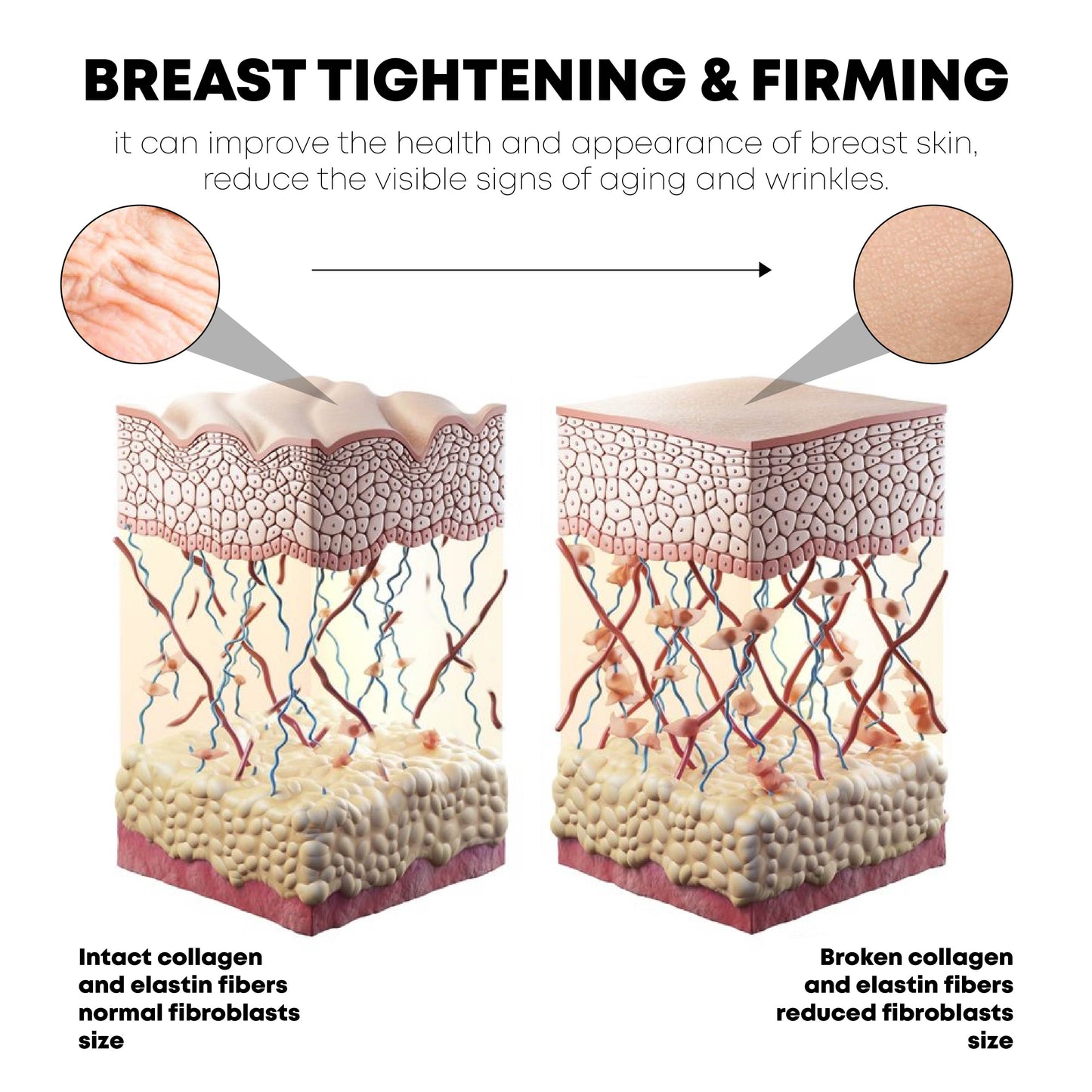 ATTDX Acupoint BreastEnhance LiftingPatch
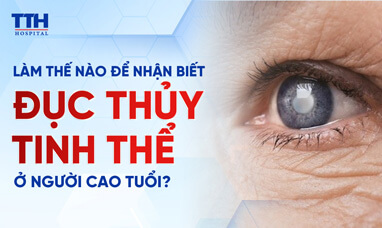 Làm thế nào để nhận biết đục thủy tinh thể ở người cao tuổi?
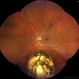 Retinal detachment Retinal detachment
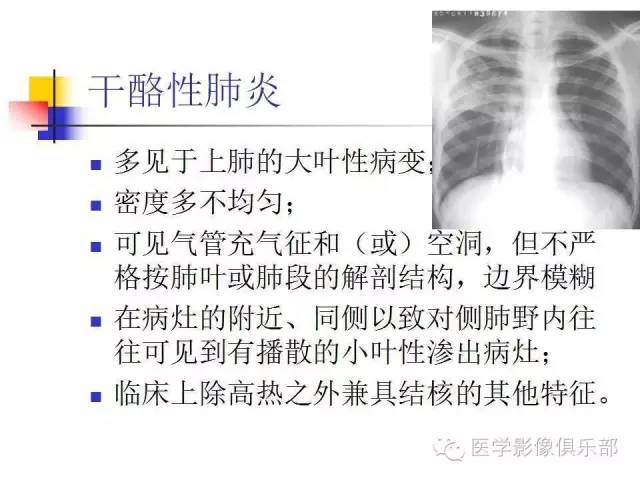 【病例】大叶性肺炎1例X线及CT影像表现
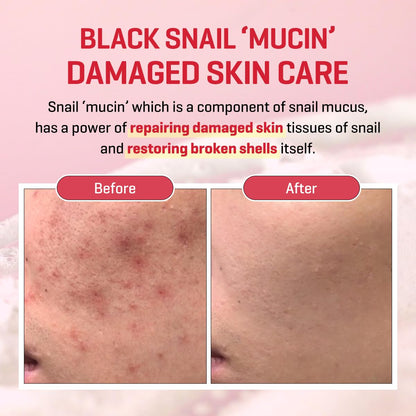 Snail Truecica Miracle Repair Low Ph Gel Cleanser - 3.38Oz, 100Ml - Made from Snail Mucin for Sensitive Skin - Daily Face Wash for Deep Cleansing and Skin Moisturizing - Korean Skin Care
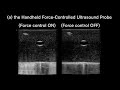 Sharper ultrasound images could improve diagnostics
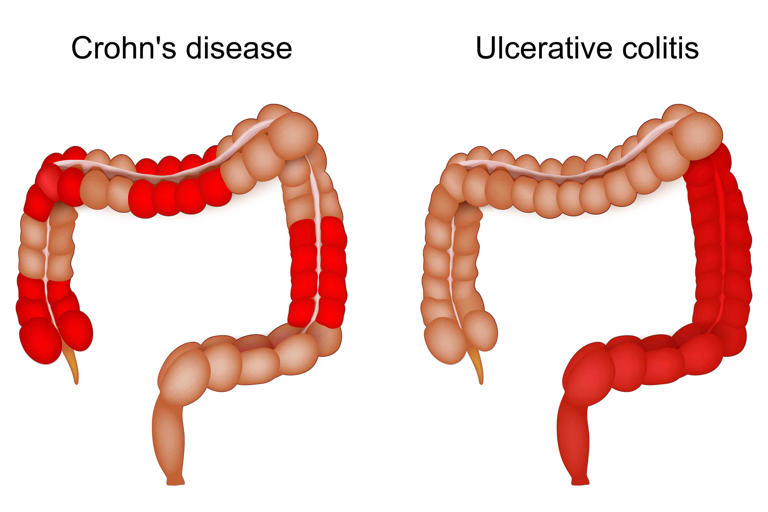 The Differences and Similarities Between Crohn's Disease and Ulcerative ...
--
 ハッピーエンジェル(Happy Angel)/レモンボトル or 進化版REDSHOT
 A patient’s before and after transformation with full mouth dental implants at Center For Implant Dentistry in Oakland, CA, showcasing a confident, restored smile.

[WHAT THIS TASK INVOLVES]: Please copy the lines above exactly, starting at the line that holds "ATTDX Acupoint BreastEnhance LiftingPatch" and ending at the line that holds "Sharper ultrasound images"; include both, but no pictures.

[YOUR RESPONSE]:
 ATTDX Acupoint BreastEnhance LiftingPatch
 Làm thế nào để nhận biết đục thủy tinh thể ở người cao tuổi?
 Retinal detachment Retinal detachment
 【病例】大叶性肺炎1例X线及CT影像表现
 Snail Truecica Miracle Repair Low Ph Gel Cleanser - 3.38Oz, 100Ml - Made from Snail Mucin for Sensitive Skin - Daily Face Wash for Deep Cleansing and Skin Moisturizing - Korean Skin Care
 Sharper ultrasound images could improve diagnostics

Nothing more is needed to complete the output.